Feature importance with NODE

manujosephv / pytorch_tabular

A standard framework for modelling Deep Learning Models for tabular data

https://pytorch-tabular.readthedocs.io/

MIT License

1.36k stars 136 forks source link

Feature importance with NODE #96

Closed SalvatoreRa closed 1 year ago

SalvatoreRa commented 2 years ago

Hi,

it is a very interesting project and I was trying different models that are described.

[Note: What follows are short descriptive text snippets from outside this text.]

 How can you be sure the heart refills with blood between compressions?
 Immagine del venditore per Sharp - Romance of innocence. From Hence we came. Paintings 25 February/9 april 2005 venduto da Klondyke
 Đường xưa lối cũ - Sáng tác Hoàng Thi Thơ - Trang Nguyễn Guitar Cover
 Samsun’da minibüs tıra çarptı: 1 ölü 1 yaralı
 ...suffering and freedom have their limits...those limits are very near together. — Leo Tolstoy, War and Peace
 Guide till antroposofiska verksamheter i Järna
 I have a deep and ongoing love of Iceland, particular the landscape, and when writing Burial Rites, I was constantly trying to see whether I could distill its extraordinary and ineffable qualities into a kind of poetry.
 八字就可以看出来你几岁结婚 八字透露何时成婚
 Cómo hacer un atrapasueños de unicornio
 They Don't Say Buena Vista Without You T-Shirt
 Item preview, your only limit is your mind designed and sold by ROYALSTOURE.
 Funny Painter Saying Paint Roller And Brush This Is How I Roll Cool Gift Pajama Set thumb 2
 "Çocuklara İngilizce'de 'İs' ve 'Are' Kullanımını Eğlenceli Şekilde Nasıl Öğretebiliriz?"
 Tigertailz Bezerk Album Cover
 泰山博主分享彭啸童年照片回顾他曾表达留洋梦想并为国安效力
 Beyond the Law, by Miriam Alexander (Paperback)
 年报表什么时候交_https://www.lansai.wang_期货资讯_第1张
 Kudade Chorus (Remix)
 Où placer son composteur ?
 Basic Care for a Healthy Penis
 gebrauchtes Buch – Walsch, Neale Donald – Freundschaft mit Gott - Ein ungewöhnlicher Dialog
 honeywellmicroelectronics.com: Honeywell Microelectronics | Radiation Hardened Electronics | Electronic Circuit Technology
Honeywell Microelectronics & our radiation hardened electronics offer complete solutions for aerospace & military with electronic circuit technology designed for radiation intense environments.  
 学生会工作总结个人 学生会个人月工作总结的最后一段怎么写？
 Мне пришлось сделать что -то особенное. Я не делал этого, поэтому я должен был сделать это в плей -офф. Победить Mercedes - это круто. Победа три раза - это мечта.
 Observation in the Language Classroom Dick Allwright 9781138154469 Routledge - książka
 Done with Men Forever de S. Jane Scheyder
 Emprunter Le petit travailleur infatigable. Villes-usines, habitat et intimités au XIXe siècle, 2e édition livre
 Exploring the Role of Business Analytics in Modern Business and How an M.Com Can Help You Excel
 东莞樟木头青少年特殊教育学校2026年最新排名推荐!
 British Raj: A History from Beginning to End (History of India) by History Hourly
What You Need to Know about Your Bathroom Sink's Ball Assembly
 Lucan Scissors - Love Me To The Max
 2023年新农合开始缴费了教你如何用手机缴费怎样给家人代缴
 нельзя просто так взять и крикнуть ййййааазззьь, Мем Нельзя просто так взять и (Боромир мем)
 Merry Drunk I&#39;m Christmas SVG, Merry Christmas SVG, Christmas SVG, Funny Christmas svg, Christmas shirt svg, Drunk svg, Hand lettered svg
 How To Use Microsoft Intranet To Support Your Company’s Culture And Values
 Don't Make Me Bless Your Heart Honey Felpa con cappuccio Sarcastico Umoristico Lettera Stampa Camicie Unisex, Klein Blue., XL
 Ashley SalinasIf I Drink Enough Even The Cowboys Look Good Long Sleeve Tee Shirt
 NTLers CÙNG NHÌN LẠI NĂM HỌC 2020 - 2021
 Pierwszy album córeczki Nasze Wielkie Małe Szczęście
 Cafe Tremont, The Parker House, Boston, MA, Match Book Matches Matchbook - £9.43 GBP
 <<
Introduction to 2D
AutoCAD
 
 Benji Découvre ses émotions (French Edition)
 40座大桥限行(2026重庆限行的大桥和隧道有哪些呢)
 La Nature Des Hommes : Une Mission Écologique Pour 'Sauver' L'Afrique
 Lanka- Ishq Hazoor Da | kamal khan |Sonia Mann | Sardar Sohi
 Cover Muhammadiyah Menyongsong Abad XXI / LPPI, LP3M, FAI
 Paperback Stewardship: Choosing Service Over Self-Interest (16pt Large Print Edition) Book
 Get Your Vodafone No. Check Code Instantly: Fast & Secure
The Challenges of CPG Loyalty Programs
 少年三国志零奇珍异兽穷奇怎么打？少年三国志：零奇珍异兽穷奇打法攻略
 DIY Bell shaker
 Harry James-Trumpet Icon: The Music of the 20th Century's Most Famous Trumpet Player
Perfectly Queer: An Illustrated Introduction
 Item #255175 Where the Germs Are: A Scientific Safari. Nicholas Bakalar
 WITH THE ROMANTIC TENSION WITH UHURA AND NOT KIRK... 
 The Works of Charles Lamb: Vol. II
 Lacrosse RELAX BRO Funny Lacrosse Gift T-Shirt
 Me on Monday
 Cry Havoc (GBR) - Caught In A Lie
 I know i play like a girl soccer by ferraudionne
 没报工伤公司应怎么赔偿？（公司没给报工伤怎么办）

I was trying to compare LightGBM (or XGBoost) with NODE. I would like to know how you can extract the most important feature of the model. there is a way? how you can perform feature selection?

thank you

hsuyab commented 2 years ago

Forgive my ignorance but @SalvatoreRa what is NODE?

SalvatoreRa commented 1 year ago

https://github.com/manujosephv/pytorch_tabular/blob/main/examples/classification_with_NODE.ipynb Neural Oblivious Decision Ensembles for Deep Learning on Tabular Data One of the example in the repository here is NODE. I am interested in extract the most important feature when using one of the tabular models for classification

manujosephv commented 1 year ago

Sorry for the late reply. @SalvatoreRa Unfortunately, NODE doesn't have these "feature importance". FTTransformer is a model which has this and you can try that out.

@hsuyab NODE is a kind of tabular model - Neural Oblivious Decision Trees.

hsuyab commented 1 year ago

@manujosephv Thanks, I was confused with Neural ODE :P

SalvatoreRa commented 1 year ago

Sorry for the late reply. @SalvatoreRa Unfortunately, NODE doesn't have these "feature importance". FTTransformer is a model which has this and you can try that out.

@hsuyab NODE is a kind of tabular model - Neural Oblivious Decision Trees.

thank you for the reply

I thought that NODE since are composed by tree they had something similar to XGBoost or random forest which are taking in account how many times the feature is used

let's say I have trained one FTTransformer, how I can extract the feature importance?

manujosephv commented 1 year ago

It's not exposed freely because only a very few models support it and not extensively tested yet.

But if the trained model is called trained_model, you can access the feature importance by trained_model.model.feature_importance(). It will return a pandas dataframe with importances.